• [EXERCISE INPUTS]
------------------------------------------------------------------------

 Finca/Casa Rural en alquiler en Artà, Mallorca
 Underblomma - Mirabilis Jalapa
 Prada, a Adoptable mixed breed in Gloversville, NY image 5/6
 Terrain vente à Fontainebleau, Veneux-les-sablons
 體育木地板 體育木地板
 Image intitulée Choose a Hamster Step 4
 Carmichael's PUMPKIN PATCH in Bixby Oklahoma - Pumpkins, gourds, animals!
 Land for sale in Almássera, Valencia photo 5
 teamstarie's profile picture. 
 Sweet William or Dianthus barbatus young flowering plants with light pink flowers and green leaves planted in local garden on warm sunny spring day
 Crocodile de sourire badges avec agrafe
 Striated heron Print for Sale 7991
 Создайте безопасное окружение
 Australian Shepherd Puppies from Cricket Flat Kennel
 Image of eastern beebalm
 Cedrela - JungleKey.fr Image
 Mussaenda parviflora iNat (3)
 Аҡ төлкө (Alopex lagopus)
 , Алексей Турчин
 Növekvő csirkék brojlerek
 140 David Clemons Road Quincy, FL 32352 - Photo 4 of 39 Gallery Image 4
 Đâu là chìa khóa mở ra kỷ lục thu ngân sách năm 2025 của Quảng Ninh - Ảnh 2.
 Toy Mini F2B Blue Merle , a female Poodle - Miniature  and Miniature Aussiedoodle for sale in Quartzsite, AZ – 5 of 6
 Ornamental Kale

------------------------------------------------------------------------

• [YOUR TASK] Please repeat each line above exactly.

• [EXERCISE RESULT]
 Finca/Casa Rural en alquiler en Artà, Mallorca
 Underblomma - Mirabilis Jalapa
 Prada, a Adoptable mixed breed in Gloversville, NY image 5/6
 Terrain vente à Fontainebleau, Veneux-les-sablons
 體育木地板 體育木地板
 Image intitulée Choose a Hamster Step 4
 Carmichael's PUMPKIN PATCH in Bixby Oklahoma - Pumpkins, gourds, animals!
 Land for sale in Almássera, Valencia photo 5
 teamstarie's profile picture. 
 Sweet William or Dianthus barbatus young flowering plants with light pink flowers and green leaves planted in local garden on warm sunny spring day
 Crocodile de sourire badges avec agrafe
 Striated heron Print for Sale 7991
 Создайте безопасное окружение
 Australian Shepherd Puppies from Cricket Flat Kennel
 Image of eastern beebalm
 Cedrela - JungleKey.fr Image
 Mussaenda parviflora iNat (3)
 Аҡ төлкө (Alopex lagopus)
 , Алексей Турчин
 Növekvő csirkék brojlerek
 140 David Clemons Road Quincy, FL 32352 - Photo 4 of 39 Gallery Image 4
 Đâu là chìa khóa mở ra kỷ lục thu ngân sách năm 2025 của Quảng Ninh - Ảnh 2.
 Toy Mini F2B Blue Merle , a female Poodle - Miniature  and Miniature Aussiedoodle for sale in Quartzsite, AZ – 5 of 6
 Ornamental Kale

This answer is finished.